If you are managing your portfolio properly, your
cash position has been rising lately, as you take profits on the
securities you purchased when prices were falling just a few months ago…
and (this is a big and) you could well be chock full of cash well before
the market blows the whistle on its advance! Yes, if you are going about
the investment process properly, you will be swimming in cash at about
the same time Wall Street discovers the rally and starts encouraging
people to weight their portfolios more heavily into stocks; the number of
IPOs coming to market starts to rise exponentially; morning drive radio
DJ's start to laugh about their stock market successes; and all of your
friends start to talk about their new investment guru or the 30% gains in
their growth Mutual Funds. What are you doing in cash!
This is what I call "smart" cash, because it
represents realized profits, interest, and dividends that are just
catching a breather on the bench after a scoring drive.
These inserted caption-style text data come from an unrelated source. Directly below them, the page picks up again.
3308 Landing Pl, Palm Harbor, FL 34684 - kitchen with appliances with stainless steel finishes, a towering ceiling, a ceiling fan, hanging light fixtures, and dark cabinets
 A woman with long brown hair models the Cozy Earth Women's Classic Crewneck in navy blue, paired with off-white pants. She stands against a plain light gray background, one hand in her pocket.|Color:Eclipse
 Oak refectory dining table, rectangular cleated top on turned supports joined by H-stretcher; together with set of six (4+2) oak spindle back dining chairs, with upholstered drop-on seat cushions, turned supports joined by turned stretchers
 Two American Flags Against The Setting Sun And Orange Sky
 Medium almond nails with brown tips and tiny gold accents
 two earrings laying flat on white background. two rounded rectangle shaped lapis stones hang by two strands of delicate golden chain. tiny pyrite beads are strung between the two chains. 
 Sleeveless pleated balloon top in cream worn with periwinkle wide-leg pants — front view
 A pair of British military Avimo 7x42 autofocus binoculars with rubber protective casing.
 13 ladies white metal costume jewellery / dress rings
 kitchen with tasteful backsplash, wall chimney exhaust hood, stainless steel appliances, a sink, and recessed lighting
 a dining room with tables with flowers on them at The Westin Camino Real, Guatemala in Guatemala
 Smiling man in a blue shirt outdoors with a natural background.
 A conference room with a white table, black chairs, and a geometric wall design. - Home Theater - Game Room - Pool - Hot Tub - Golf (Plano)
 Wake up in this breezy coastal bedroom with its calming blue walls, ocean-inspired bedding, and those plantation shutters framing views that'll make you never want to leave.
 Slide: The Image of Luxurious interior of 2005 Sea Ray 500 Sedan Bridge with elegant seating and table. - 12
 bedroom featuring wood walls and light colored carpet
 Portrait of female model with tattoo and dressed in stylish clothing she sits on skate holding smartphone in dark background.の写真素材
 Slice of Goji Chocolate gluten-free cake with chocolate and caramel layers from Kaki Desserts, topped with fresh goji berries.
As the gains
compound at money market rates, the disciplined coach looks for sure
signs of investor greed in the market place: fixed income prices fall as
speculators abandon their long term goals and reach for the new
investment stars that are sure to propel equity prices ever higher,
boring investment grade equities fall in price as well because it now
clear [for the scadieighth (sic) time] that the market will never fall
again... particularly NASDAQ, which could double and still not be where it
was six years ago. And the beat goes on, cycle after cycle, generation
after generation. What do you think; will today's coaches be any smarter
than those of the late nineties? Have they learned that it is the very
strength of a rising market that proves to be its greatest weakness!